__WHAT NEEDS TO BE DONE__. What you return must match the data below exactly, minus any pictures.

__GIVEN MATERIAL__.
/---
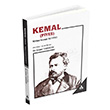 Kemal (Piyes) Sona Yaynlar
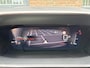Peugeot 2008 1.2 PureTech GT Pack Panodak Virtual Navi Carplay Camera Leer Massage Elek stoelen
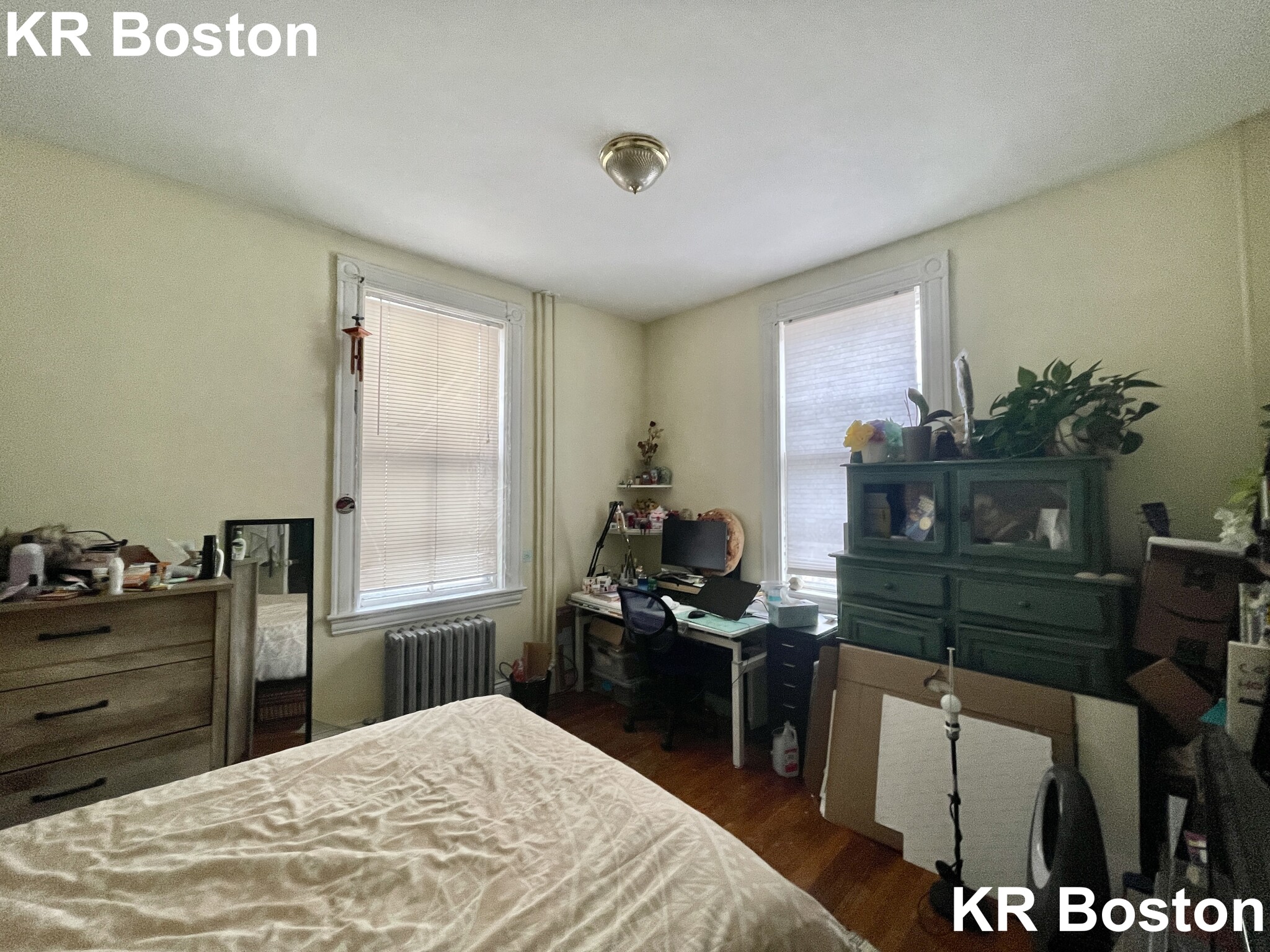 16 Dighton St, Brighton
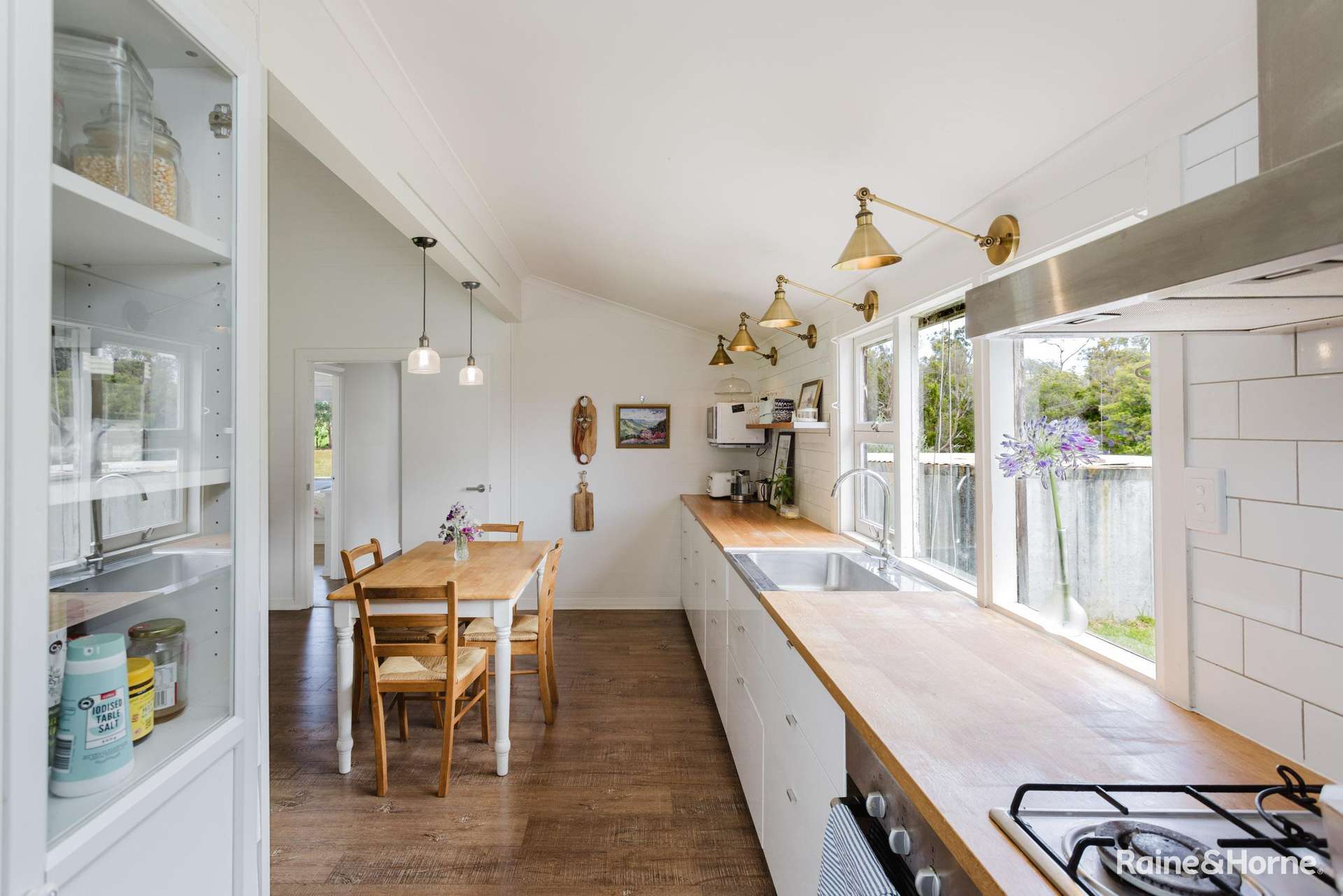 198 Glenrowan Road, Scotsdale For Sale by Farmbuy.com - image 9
\---
__ANSWER__.
 Kemal (Piyes) Sona Yaynlar
Peugeot 2008 1.2 PureTech GT Pack Panodak Virtual Navi Carplay Camera Leer Massage Elek stoelen
 16 Dighton St, Brighton
 198 Glenrowan Road, Scotsdale For Sale by Farmbuy.com - image 9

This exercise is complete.